I also tried to facet a boxplot graphic highlight counts by flight status, city, and airline. However, the resulting form was not visually legible and, despite much effort, I was unable to improve it.

# Bar plot of on time performance by airline and city. 

(air_city%>%ggplot(aes(x=city, y=performance, fill=airline, alpha=.5))+geom_bar(stat="identity", position = position_dodge(width = .6))+
theme(axis.text.x= element_text(size=8))+
theme(axis.text.y = element_text(size=8))+ 
coord_flip()+
theme_bw()+
ggtitle("Figure 1. Performance of Two Airlines by City")+xlab("City")+ylab("On Time Performance(%)"))

# Bar plot of on time performance by airline. 

(air_overall%>%ggplot(aes(x=airline, y=performance))+geom_bar(stat="identity", width=0.5, color="blue", alpha=0.5)+
theme(axis.text.x= element_text(size=8))+
theme(axis.text.y = element_text(size=8))+ 
coord_flip()+
theme_bw()+
ggtitle("Figure 2. On Time Performance of Two Airlines")+xlab("Airline")+ylab("On Time Performance(%)"))
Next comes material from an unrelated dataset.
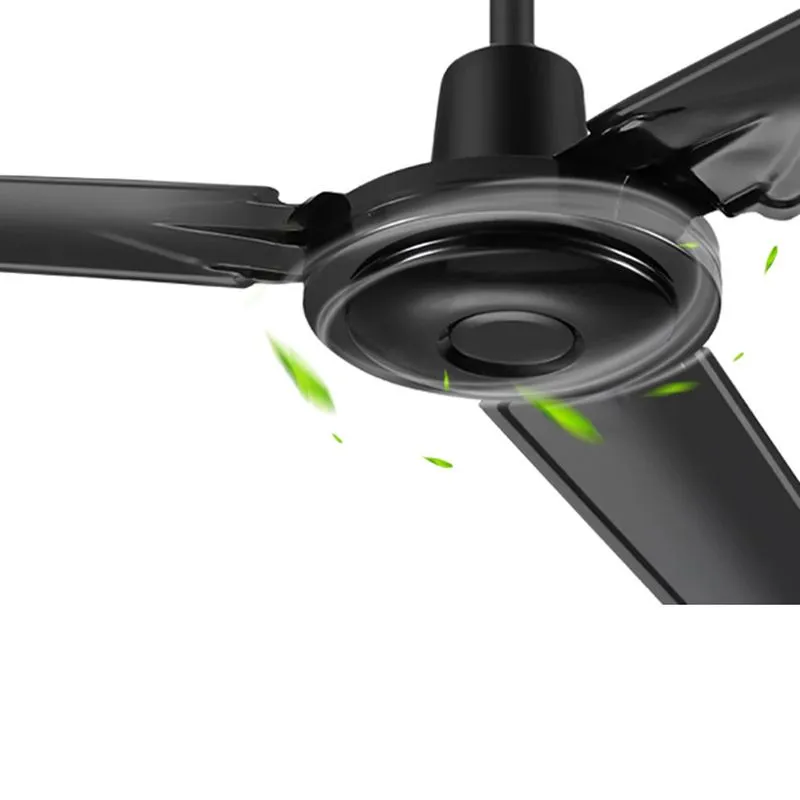 Ceiling Fan Details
#Plot boxplots with outliers removed

(plot1 <- num%>%filter(Flight_Count<1000)%>%
    ggplot(aes(x=Airline, y=Flight_Count)) +
    geom_boxplot(alpha=.3, fill="blue")+
    theme(axis.text.x= element_text(size=8))+
    theme(axis.text.y = element_text(size=8))+ 
    coord_flip()+
    facet_grid(.~Flight_Status, space="free_x")+
    theme_bw()+
    ggtitle("Figure 3. Timeliness of Flights by Airline")+
    xlab("Airline")+
    ylab("Flight Count"))

(plot2 <- num%>%filter(Flight_Count<1000)%>%
    ggplot(aes(x=City, y=Flight_Count)) +
    geom_boxplot(alpha=.7, fill="blue")+
    theme(axis.text.x= element_text(size=8))+
    theme(axis.text.y = element_text(size=8))+   
    coord_flip()+
    facet_grid(.~Flight_Status)+
    theme_bw()+
    ggtitle("Figure 4. Timeliness of Flights by City")+xlab("City")+
    ylab("Flight Count"))

# Attempt to facet with facet_grid

(plot3 <- num%>%filter(Flight_Count<1000, City=="los_angeles"|City=="phoenix" )%>%
    ggplot(aes(x=Airline, y=Flight_Count))+
    geom_boxplot(alpha=.7, fill="blue")+
    facet_grid_paginate(City~Flight_Status,
    ncol=2, page=1, space="free_y")+
    theme_bw())

Step 5. Conclusions

The on-time performance of ALASKA exceeded AMWEST when compared on a city-by-city basis (Figure 1).

However, the overall on-time performance of AMWEST (89%) exceeded ALASKA (87%). See Figure 2.

I ascribe this discrepancy to the fact that the number of flights flown by AMWEST (n=7225) was almost double that of Alaska airlines (n=3775). And the majority of this difference was attributable to on-time flights by AMWEST to Phoenix (n=4840).

It is clear from this dataset that an aggregate measure of performance can lead to a different conclusion (AMWEST outperformed ALASKA) than when distributed measures of performance are analyzed individually (ALASKA outperformed AMWEST).